The exhibition traces the trajectory of printing in Revolutionary Greece based on the collections of the Gennadius Library. It showcases 30 newspapers, proclamations, leaflets, broadsides, constitutions, as well as literary works and schoolbooks, published between 1821 and 1827 that document important historical moments of the Greek Revolution.

The collection of Joannes Gennadius (1844-1932) constitutes the core of the Gennadius Library, arguably the most extensive book collection on Hellenism and its brilliance through the ages. Constructed on the idea of the continuity of the Greek genius through the ages, the collection traces the history of Greek printing from its earliest stages to the early 20th century. The Enlightenment is a major part of this history, as are the printing houses that were established in Revolutionary Greece. In addition to the printed publications that this online exhibition highlights, the Library also includes primary sources, manuscripts and visual material about the Greek Revolution.

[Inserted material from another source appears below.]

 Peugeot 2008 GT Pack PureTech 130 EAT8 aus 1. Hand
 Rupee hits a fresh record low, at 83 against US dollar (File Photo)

Not surprisingly, the majority of the publications of the period, i.e. newspapers, proclamations, and constitutions, served the needs of the new Administration. The first legislative codex (the Κῶδιξ τῶν Νόμων), other legal textbooks and even administrative manuals, often translated from other languages, document the attempts to organize a legislative and administrative system in the nascent Greek state.
The content of three out of the four literary works that were printed in this period, were inspired by the Revolution and served its ideological purposes. The only exception is the Lyrica (Λυρικά) by Athanasios Christopoulos. Finally, there are only two books related to schools, while the majority of educational material were produced in the printing houses of Chios and Kydonies that were essential to the Greek Enlightenment.